Changement climatique, agriculture et santé publique dans les pays les plus pauvres

Le 6e rapport du Lancet Countdown a été publié en octobre 2021. The Lancet Countdown est le fruit d’une initiative internationale qui, depuis 6 ans, tente d’évaluer l’impact du changement climatique sur la santé publique au niveau mondial, avec un focus particulier sur les pays les plus pauvres. Une quarantaine d’institutions et de centres de recherche y sont impliqués, couvrant un vaste champ pluridisciplinaire au-delà des experts en santé humaine : agriculture, énergie, géographie, science politique, etc. Les rapports annuels comportent un jeu d’indicateurs qui s’enrichit régulièrement et dont la méthode s’affine au fil du temps et des évaluations par les pairs. Cinq champs thématiques sont couverts par ce suivi sur longue période : l’impact direct du climat sur la santé, les politiques d’adaptation et de lutte contre les événements climatiques extrêmes, la lutte contre le changement climatique et ses co-bénéfices pour la santé, les conséquences économiques, la mobilisation des gouvernements et de la société civile. Pour la 3e année consécutive, toutes les données sont accessibles sur un portail dédié.
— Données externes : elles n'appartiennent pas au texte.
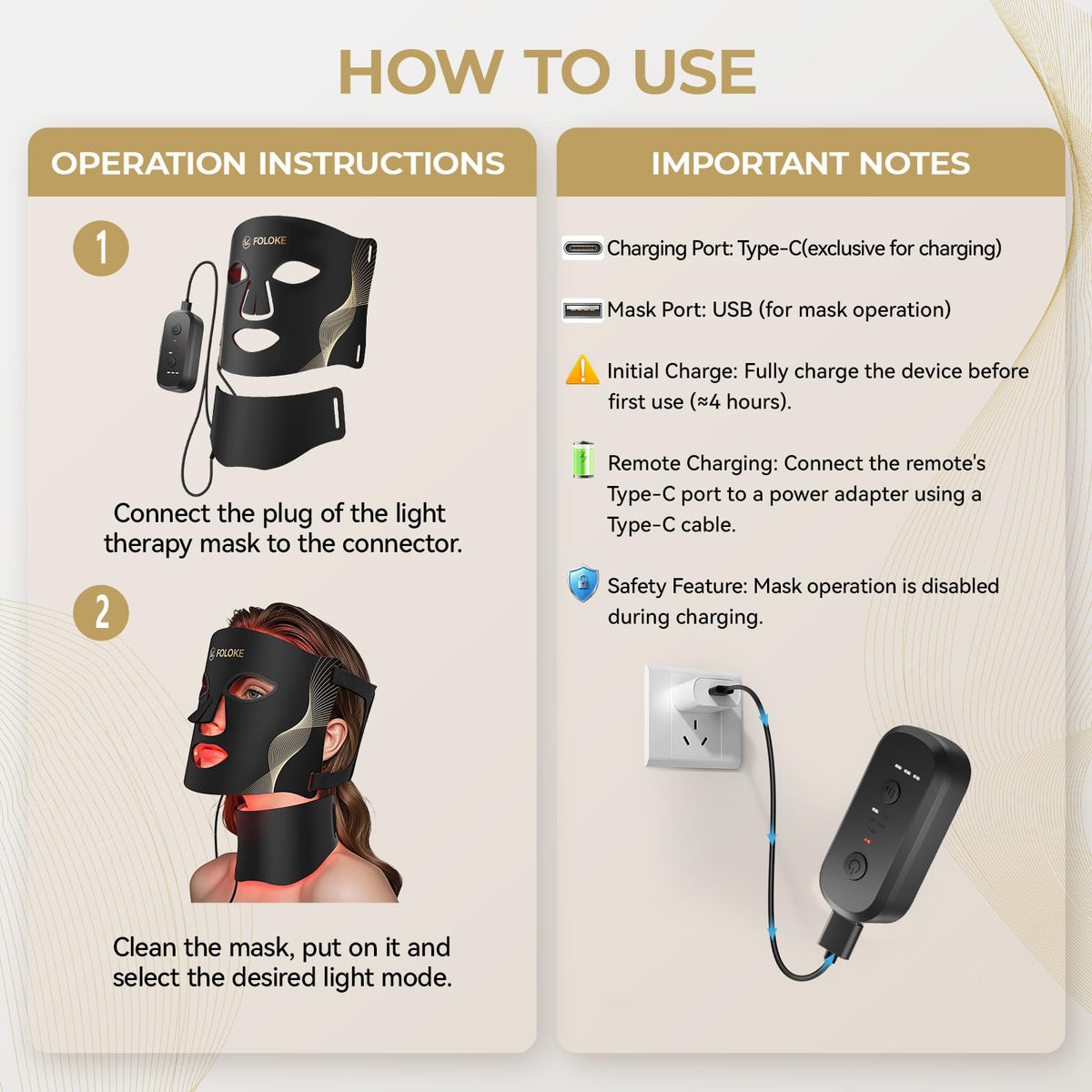 FOLOKE LED face and neck phototherapy mask worn comfortably with adjustable velcro straps.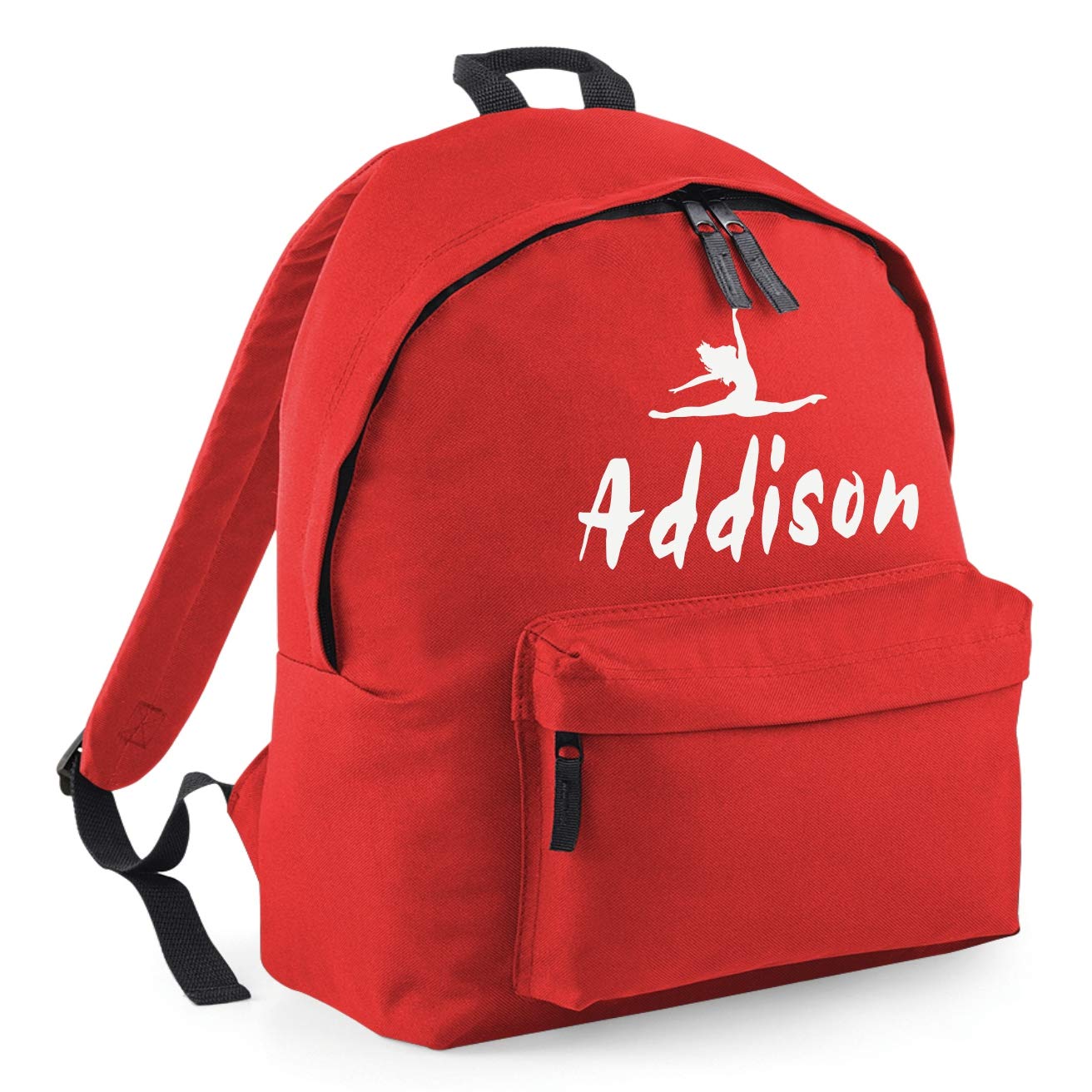 Nametape Express Personalized Backpack Printed with Name Great for School, Club or days out (Red)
Les auteurs traitent notamment des impacts sur l’agriculture et les travailleurs agricoles. Dans les pays à l’Index de développement humain (IDH) le plus faible, ces derniers ont été particulièrement pénalisés, en 2020 : 70 % des heures de travail perdues l’ont été dans ce secteur (graphique ci-dessous), causant une baisse de 4 à 8 % du Produit intérieur brut.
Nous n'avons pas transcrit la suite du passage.